▸ Description of the task: Give back the whole listing exactly as written, leaving out each picture.

▸ Data segment:
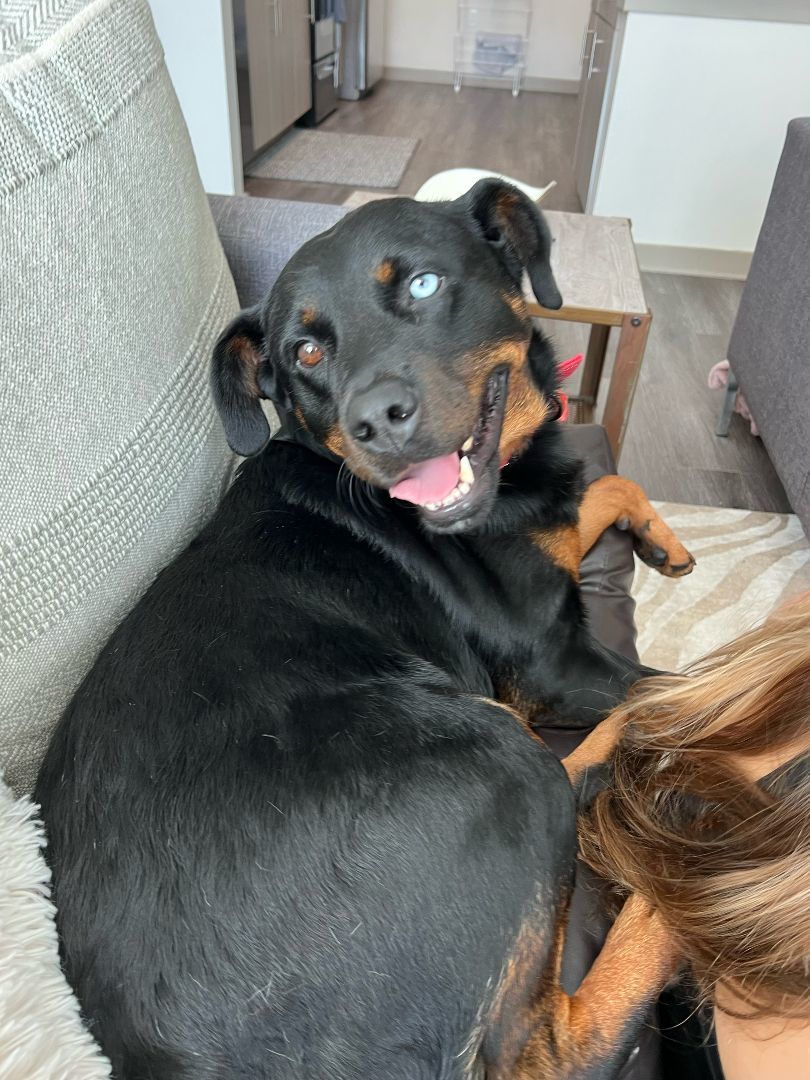 Kaylee $95, a Adoptable mixed breed in Seneca, SC image 6/6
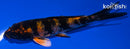 4.5" KIN HI UTSURI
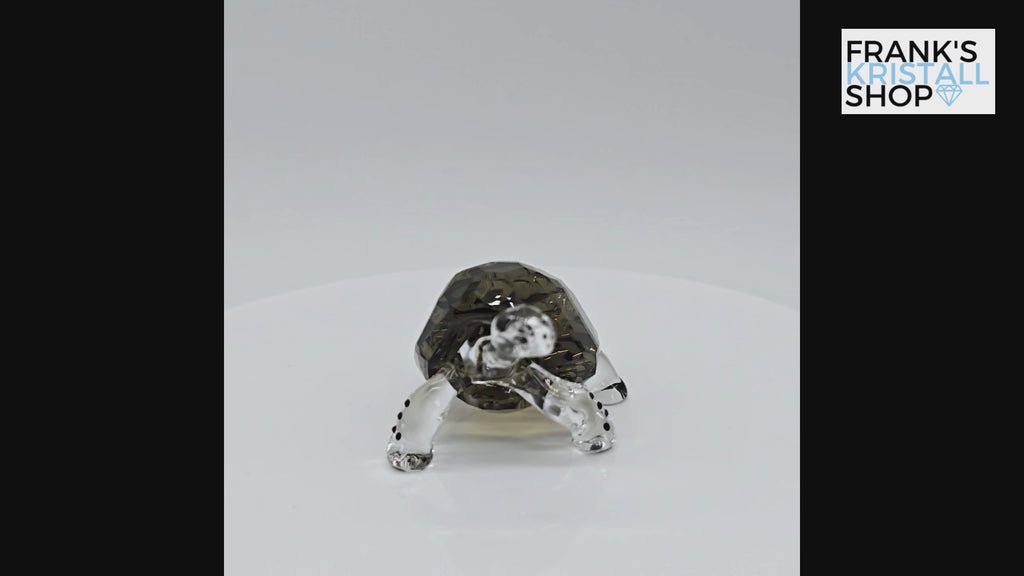 Swarovski SCS Jahresfigur 2010 Galapagos Schildkröte Event 995036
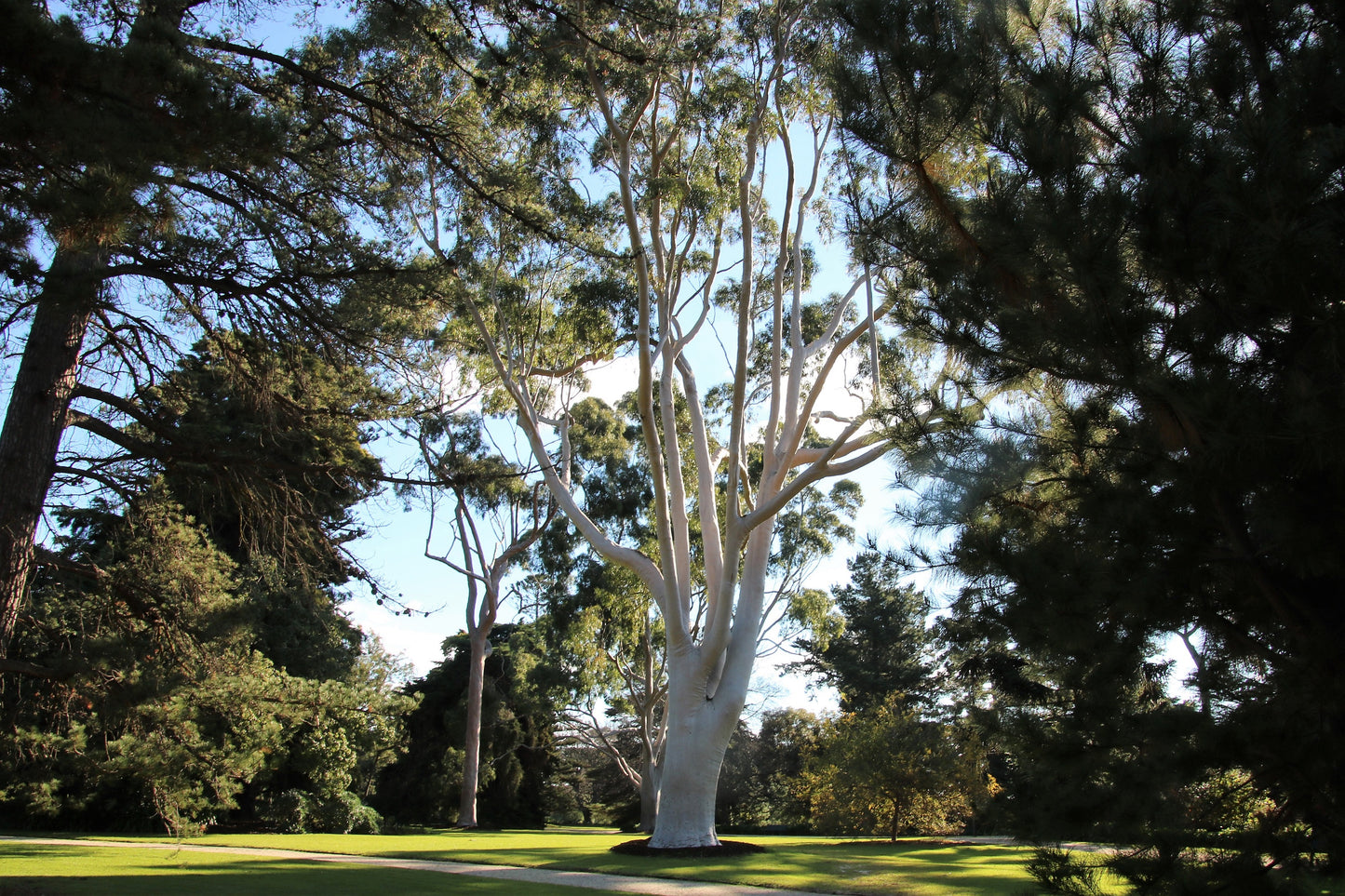 50 LEMON SCENTED EUCALYPTUS Citriodora Tree aka Lemon Bush & Spotted Gum - Colorful Bark White Flower Tree Seeds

▸ Result of the task:
 Kaylee $95, a Adoptable mixed breed in Seneca, SC image 6/6
 4.5" KIN HI UTSURI
 Swarovski SCS Jahresfigur 2010 Galapagos Schildkröte Event 995036
 50 LEMON SCENTED EUCALYPTUS Citriodora Tree aka Lemon Bush & Spotted Gum - Colorful Bark White Flower Tree Seeds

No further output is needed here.